“Engineering is the machine that drives human civilization, and today’s students are the ones who will power that machine in the future.”
The field of 3D printing will undoubtedly have a tremendous impact on the manufacturing industry as the technology continues to evolve. Less mentioned however, is the influence it could have on students if integrated into classrooms across the United States. Technology education programs throughout the country are currently working to bring affordable 3D printers – such as those produced by RapMan USA and MakerBot – into their classrooms in order to offer middle school and high school students more hands-on learning experiences. Students participate in assembling the manufacturing machines, and then utilize them to output prototypes from designs they’ve developed in CAD programs. As students are able to follow through from design to prototype to testing, the technology offers them a unique opportunity to mimic the real-world process engineers and product developers go through when bringing a new product to market. Additionally, students are given the chance to collaborate with one another as they problem-solve and can flex their ability to innovate and be creative while learning.

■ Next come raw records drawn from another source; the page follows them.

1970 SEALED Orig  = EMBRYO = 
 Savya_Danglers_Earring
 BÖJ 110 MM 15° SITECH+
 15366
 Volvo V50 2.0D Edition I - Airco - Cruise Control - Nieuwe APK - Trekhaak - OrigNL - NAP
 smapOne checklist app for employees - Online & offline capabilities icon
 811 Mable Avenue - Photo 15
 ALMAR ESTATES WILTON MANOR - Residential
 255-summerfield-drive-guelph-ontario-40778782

By introducing 3D printers into classroom settings, educators are looking to motivate and inspire their students to pursue careers in fields including mechanical engineering and applied mathematics. Projects that involve 3D printing facilitate learning in an immersive, fun manner, encouraging students’ personal investment in their science, math and engineering coursework. They also provide context to their studies as students have the ability to learn through hands-on experiences and can process concepts faster than if they were just reading.
The objective in integrating project-based learning opportunities such as those afforded by 3D printing is to provide American students with a quality education that will better prepare them in engineering disciplines. Organizations like the STEM Education Coalition see these educational initiatives as imperative to “enabling the U.S. to remain the economic and technological leader of the global marketplace” and advocate for greater adoption. (stemedcoalition.org) In comparison to other countries, only a small percentage of American college students are graduating with majors in engineering. The only way the U.S. will be able to maintain a competitive advantage in these fields is if they invest in and train students early in their education. 3D printing offers a solution to this challenge by offering unparalleled educational value.